Segment Open
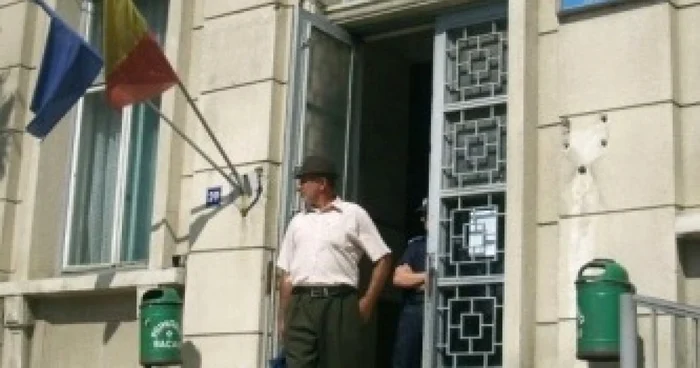 Bacău: Magistrații vor rezolva doar cazurile urgente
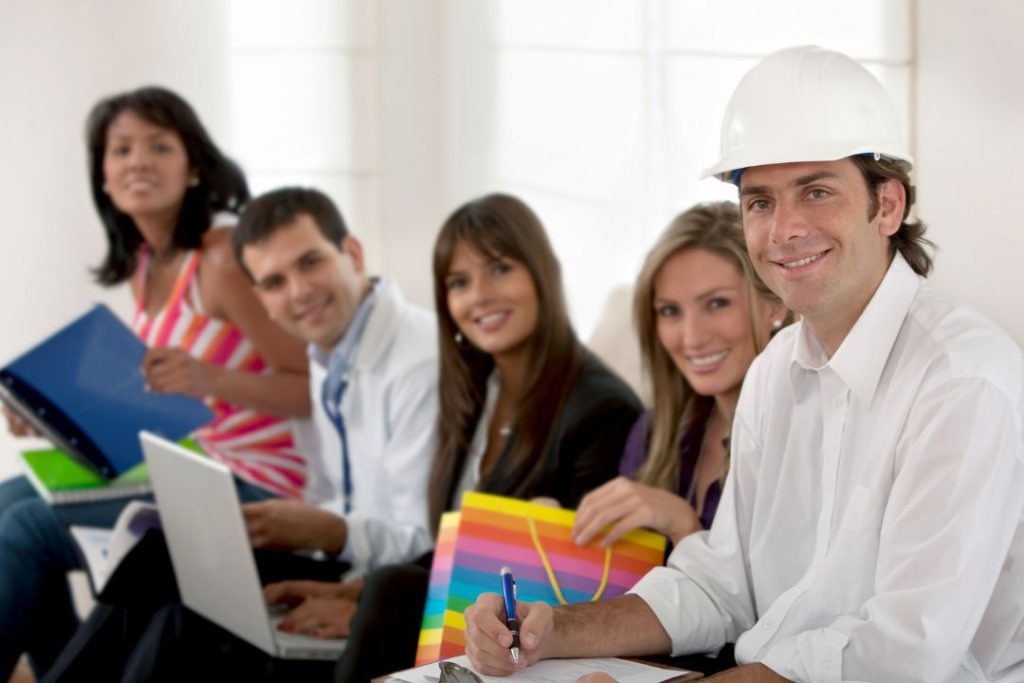 découvrir la liste des métiers en l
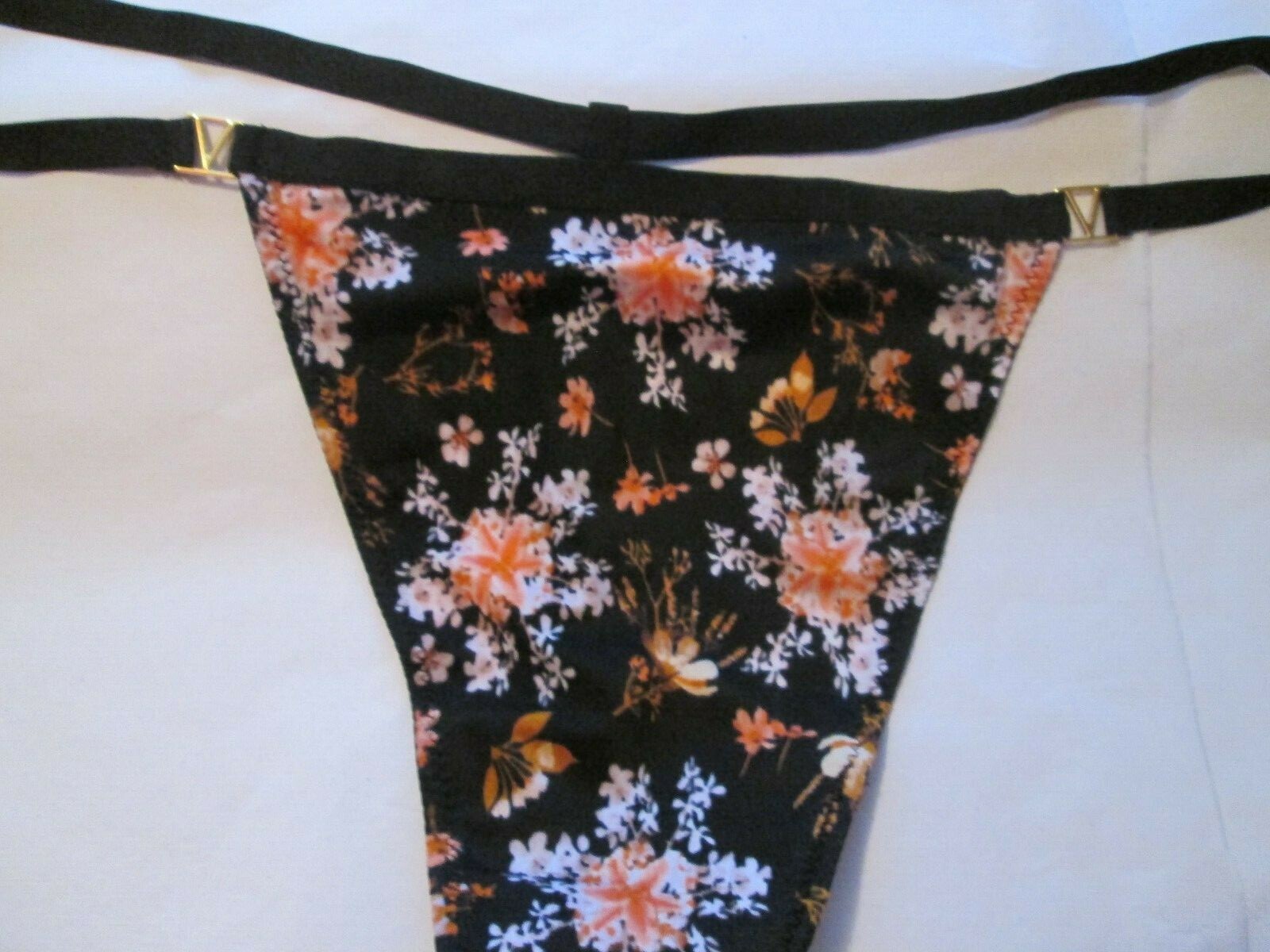 New w/tag Victorias Secret Very Sexy V-String Thong XS, S, M, L💲Discounts on 2+
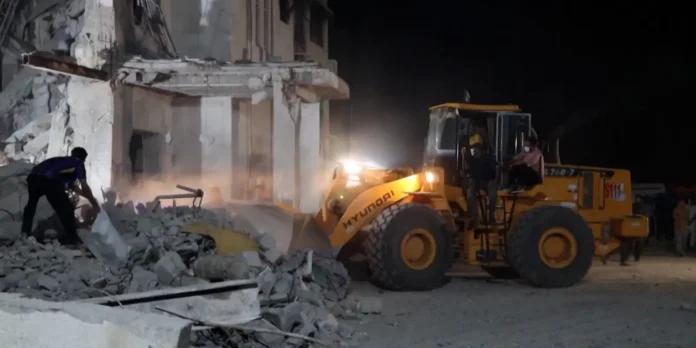 Israel e Irã lançam mais ataques à medida que crise se aprofunda
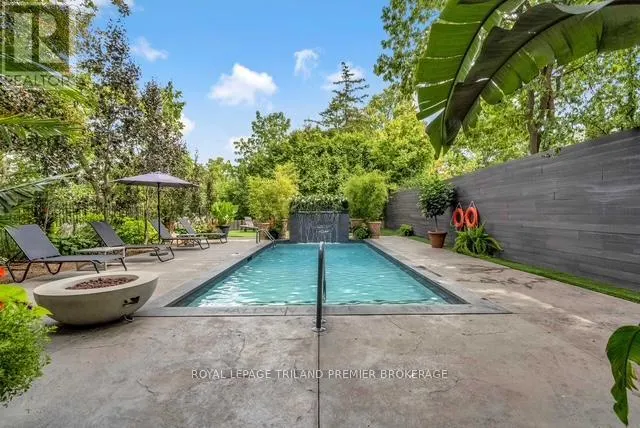 202 - 122 WORTLEY ROAD, #202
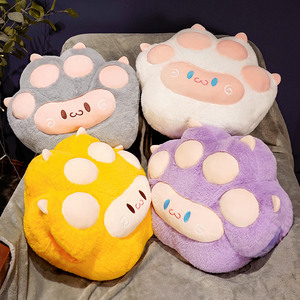 Coussin-couverture super doux 3-en-1 en peluche patte de chat de dessin animé pour anniversaire, avec rembourrage en coton PP, chauffe-mains et coussin de sieste de bureau, idéal comme cadeau. - Product Image 3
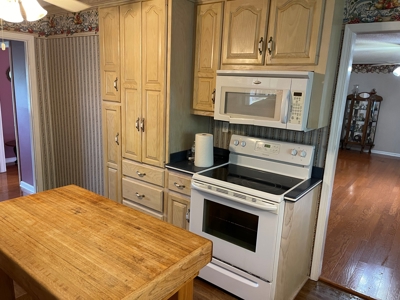 Country Home For Sale In Mcnairy Tn With 3 Acres - image 12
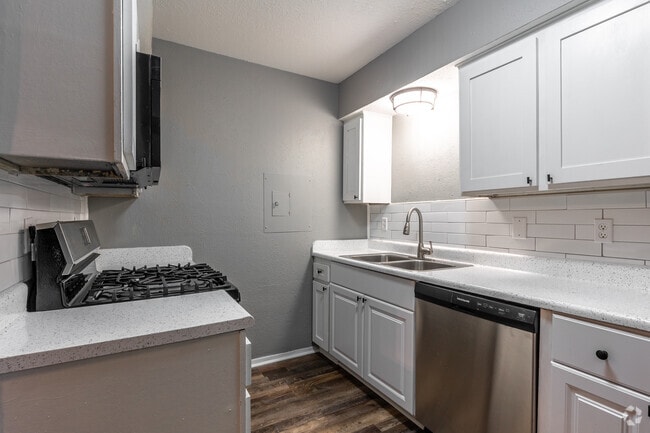 3BD - 2BA - 1,050SF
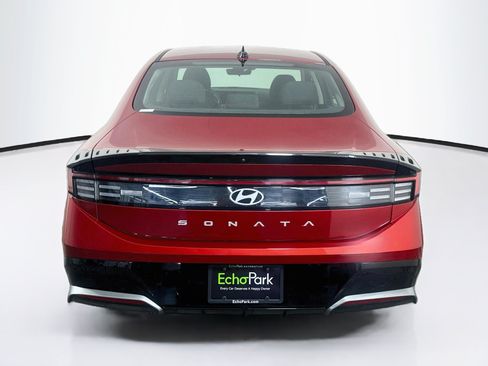 Used 2025 Hyundai Sonata SEL FWD image 7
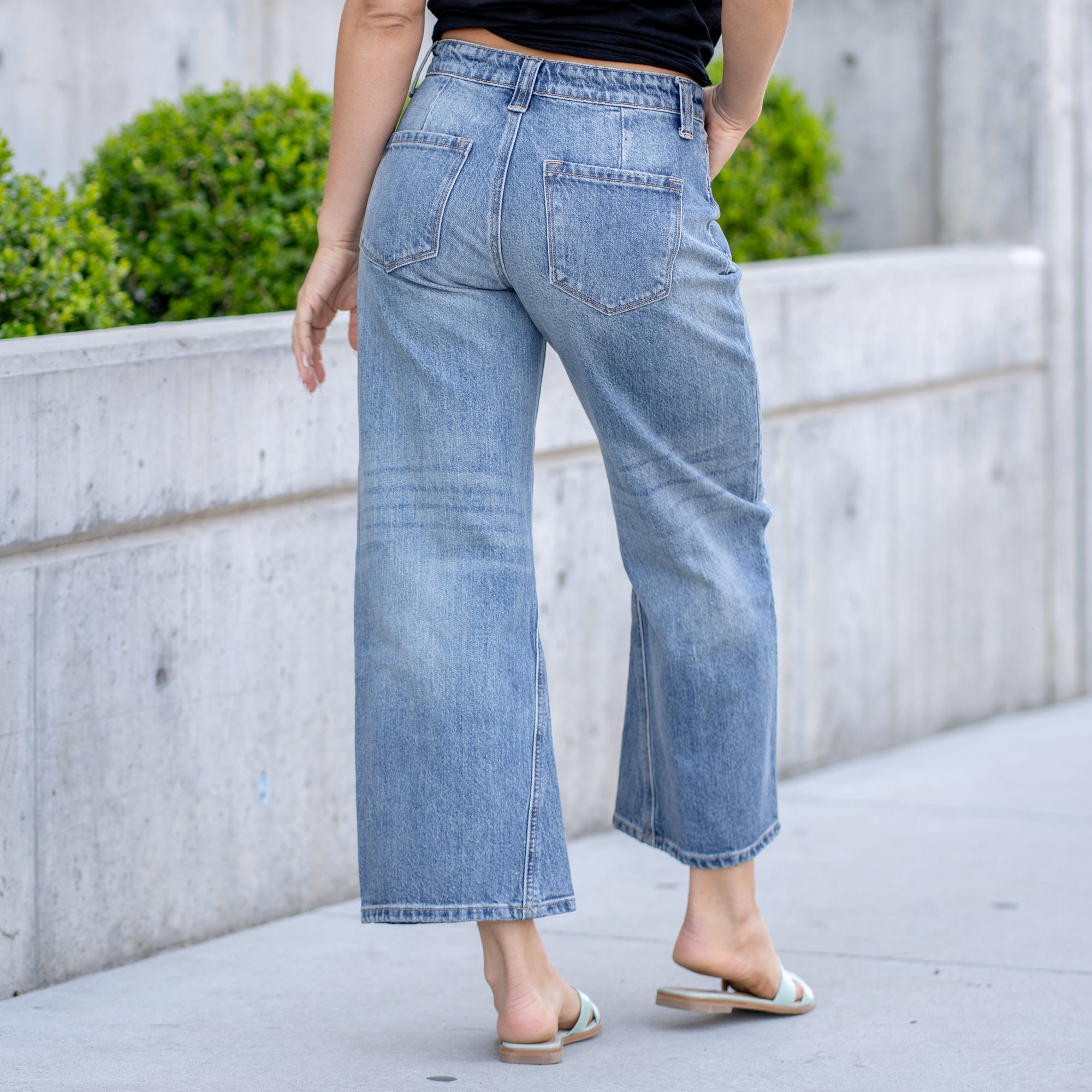 Barrel Mid Rise Loose Fit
Segment Closed
§ **Task requirements**
Exact reproduction of the entries above is required, with pictures excluded.

§ **Result of this task**
 Bacău: Magistrații vor rezolva doar cazurile urgente
 découvrir la liste des métiers en l
 New w/tag Victorias Secret Very Sexy V-String Thong XS, S, M, L💲Discounts on 2+
 Israel e Irã lançam mais ataques à medida que crise se aprofunda
 202 - 122 WORTLEY ROAD, #202
 Coussin-couverture super doux 3-en-1 en peluche patte de chat de dessin animé pour anniversaire, avec rembourrage en coton PP, chauffe-mains et coussin de sieste de bureau, idéal comme cadeau. - Product Image 3
 Country Home For Sale In Mcnairy Tn With 3 Acres - image 12
 3BD - 2BA - 1,050SF
 Used 2025 Hyundai Sonata SEL FWD image 7
 Barrel Mid Rise Loose Fit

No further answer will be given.